Rubriche

I pranzi per i poveri nelle chiese: la discussione e la sua parodia

Guido Mocellin mercoledì 2 gennaio 2019

Per l'ultimo intervento dell'anno il blog antimoderno "Chiesa e postconcilio" – con un post redazionale – e il blog d'autore collettivo "Vino Nuovo" – con la firma di Fabio Colagrande – hanno scelto lo stesso argomento: la prassi, in occasioni particolari, di ospitare nelle aule liturgiche pranzi o cene offerti dalle istituzioni ecclesiali a persone in situazione di bisogno; ai poveri, per dirla con il Vangelo.
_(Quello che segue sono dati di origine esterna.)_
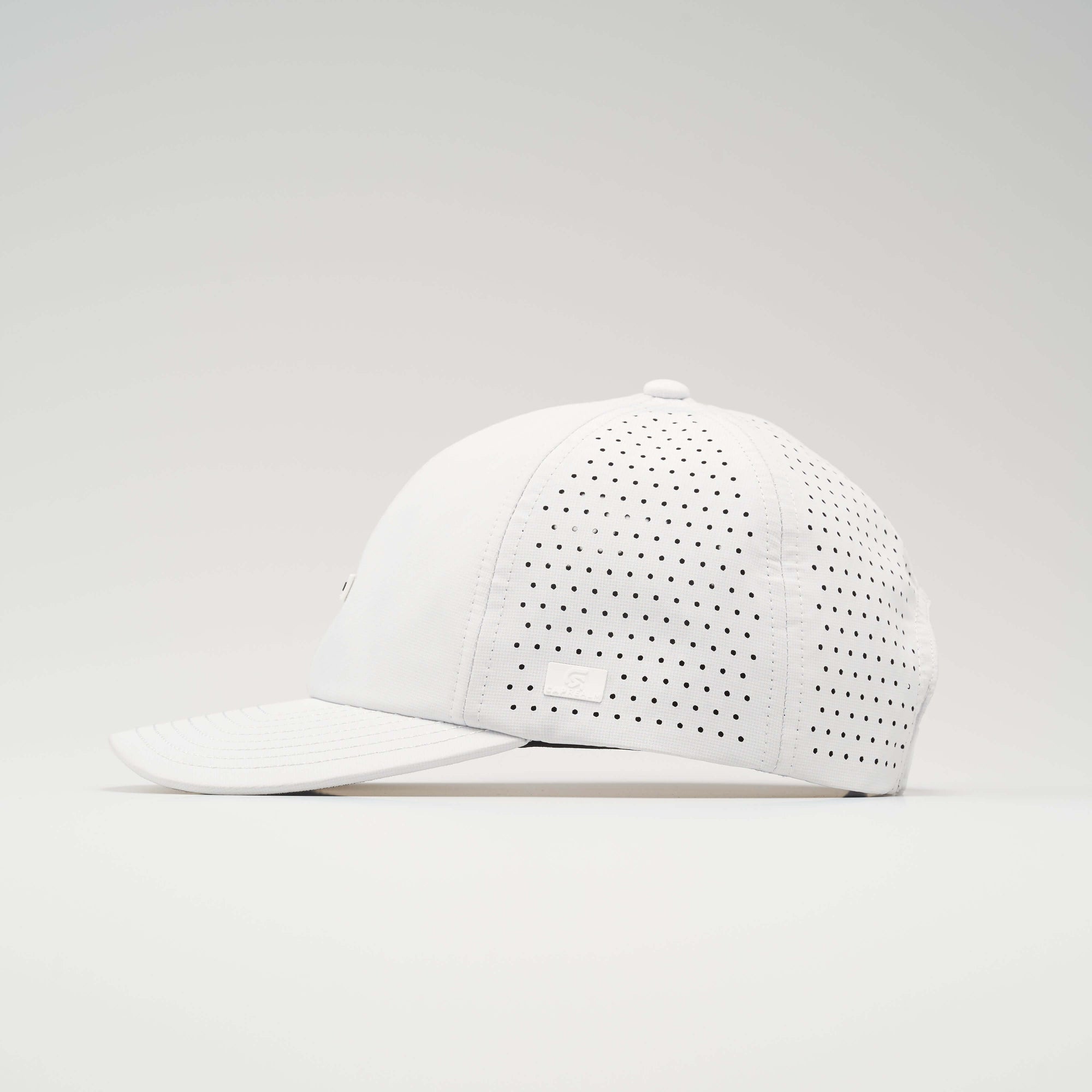 EVERYDAY CAP - CR - Vintage Fit - White - Alef.fit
Sarà stata sicuramente una coincidenza, ma merita di essere sottolineata. In effetti fotografa due modi assai diversi di contribuire alla costruzione dell'opinione pubblica nella Chiesa. Nel primo caso (tinyurl.com/y9fvqk4o) l'oggetto è il fatto in sé. Per dire tutta la propria contrarietà a esso si parte da una dotta citazione di storia antica, utile a nutrire la vis polemica contro ciò che viene classificato come un aspetto del «modernismo». Il post sfocia in una vera e propria invettiva, rivolta peraltro non contro l'esercizio della carità in sé, bensì contro chi non si preoccuperebbe più di tenere il «sacro» separato dal «profano».

Nel secondo caso (tinyurl.com/y7264jrx) l'oggetto non è il fatto, che fa da pretesto, ma le infinite discussioni che, nella babele comunicativa contemporanea, esso è capace di alimentare. La parodia, impreziosita dall'invenzione di nomi propri tutti «gastronomici» e/o «ittici», ritrae, assieme al soggetto (in questo caso la diocesi di Salmone) organizzatore del «cenone dei poveri», tanto una voce assimilabile all'area anti moderna, quanto «altri fronti», dalla galassia laicista e agnostica a nicchie «diversamente credenti». Essa non sarà piaciuta, immagino, ai radicali di entrambi i poli: non solo quello contrario a questa prassi, del quale ho riportato una voce, ma anche quello favorevole, al quale non si risparmia una piccola quota di presa in giro. Ma il fine mi pare altro: suggerire un po' di continenza verbale a chi, specie sui social network, specie se riveste un minimo ruolo pubblico, prende la parola, più o meno strumentalmente, su tutto.